Di Magali Prunai

Capita che delle notti non si riesca proprio a dormire e per passare il tempo si faccia zapping frenetico senza soffermarsi mai a vedere nulla. Capita anche che nel mese di Gennaio, quando fra digitale, satellite e varie piattaforme online e la programmazione tutta concentrata su un argomento unico e inevitabile, la propria attenzione venga catturata da uno di quei film che hanno tutte le carte in regola per essere dei “drammoni”.

È così che poche notti fa, sul terzo canale RAI, purtroppo più verso le due della notte che del pomeriggio, ho visto un film del regista Jean Renoir: Questa terra è mia. Per chi non lo ricordasse, Jean Renoir è stato un regista francese molto particolare nello stile e molto amato dai suoi contemporanei. Nel 1943, durante il suo esilio americano, girerà un film altamente retorico e propagandistico, Questa terra è mia, This land is mine, in cui si racconta di un immaginario villaggio da qualche parte in Europa, probabilmente in Francia, occupato dai nazisti.
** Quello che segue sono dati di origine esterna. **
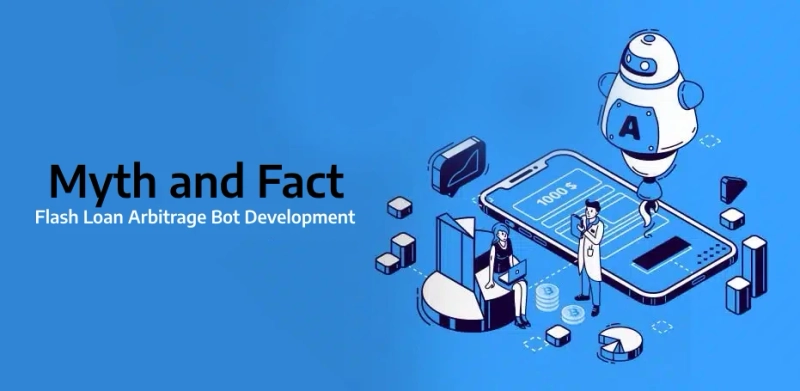 Flash Loan Arbitrage Bot Development: Myth and Fact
I protagonisti sono forse un po’ stereotipati: un maestro di mezza età, succube di una madre anziana ed energica che lo tiene in tutti i modi legato a sé mani e piedi, che per paura e quieto vivere sopporta supinamente l’invasione; la giovane e bella maestra, la “pasionaria” della storia, della quale il maestro è innamorato segretamente; il fratello di lei, che va d’amore e d’accordo coi tedeschi quando, in realtà, trama nell’ombra per sabotarli; il preside della scuola, che rappresenta la pericolosità della cultura.
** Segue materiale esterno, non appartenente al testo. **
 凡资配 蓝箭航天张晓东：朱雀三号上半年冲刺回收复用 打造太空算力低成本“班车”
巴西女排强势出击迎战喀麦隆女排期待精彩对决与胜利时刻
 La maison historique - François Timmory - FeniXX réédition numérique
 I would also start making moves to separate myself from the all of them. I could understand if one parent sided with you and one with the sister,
Dopo la morte di due tedeschi viene ordinato di prendere dieci persone del villaggio in ostaggio, se l’assassino non si presenterà spontaneamente i dieci saranno puniti al suo posto. Fra gli ostaggi vi è anche il mansueto maestro. La madre, disperata, tenterà di farsi ricevere da chiunque: dal generale tedesco, dal sindaco e dal sovrintendente. Solo quest’ultimo la ascolterà e accetterà la sua proposta: una vita per una vita. Il maestro per il sabotatore. Tornato in libertà e saputo a quale prezzo, il maestro corre nell’ufficio del sovrintendente meditando di ucciderlo. Ma non è fortunato neanche in questo suo progetto di vendetta perché l’uomo lo anticipa suicidandosi. Trovato davanti al cadavere con in mano la rivoltella verrà arrestato e processato per omicidio. Ed è proprio in tribunale che finalmente l’uomo prende il soppravvento sull’agnello. Accusato di un omicidio passionale, perché entrambi innamorati della stessa donna, pronuncerà un discorso carico di retorica e di amore. “L’amor che move il Sole e l’altre stelle” direbbe Dante. Sì, ma quale amore? Solo ed esclusivamente per la giovane donna che, finalmente, lo guarda con occhi diversi? Anche, ma soprattutto l’amore per la propria terra, per la propria patria. Un lungo monologo, un “mea culpa” individuale e collettivo. Dirà di essere stato tentato dalla proposta del generale tedesco di istruire gli uomini del futuro per la società che la Germania vuole creare, ma il suo orgoglio di persona, di cittadino, di essere umano prevale. Invita tutti i presenti in aula a non dimenticare che sono stati occupati e a quale prezzo si sta girando la testa dall’altra parte.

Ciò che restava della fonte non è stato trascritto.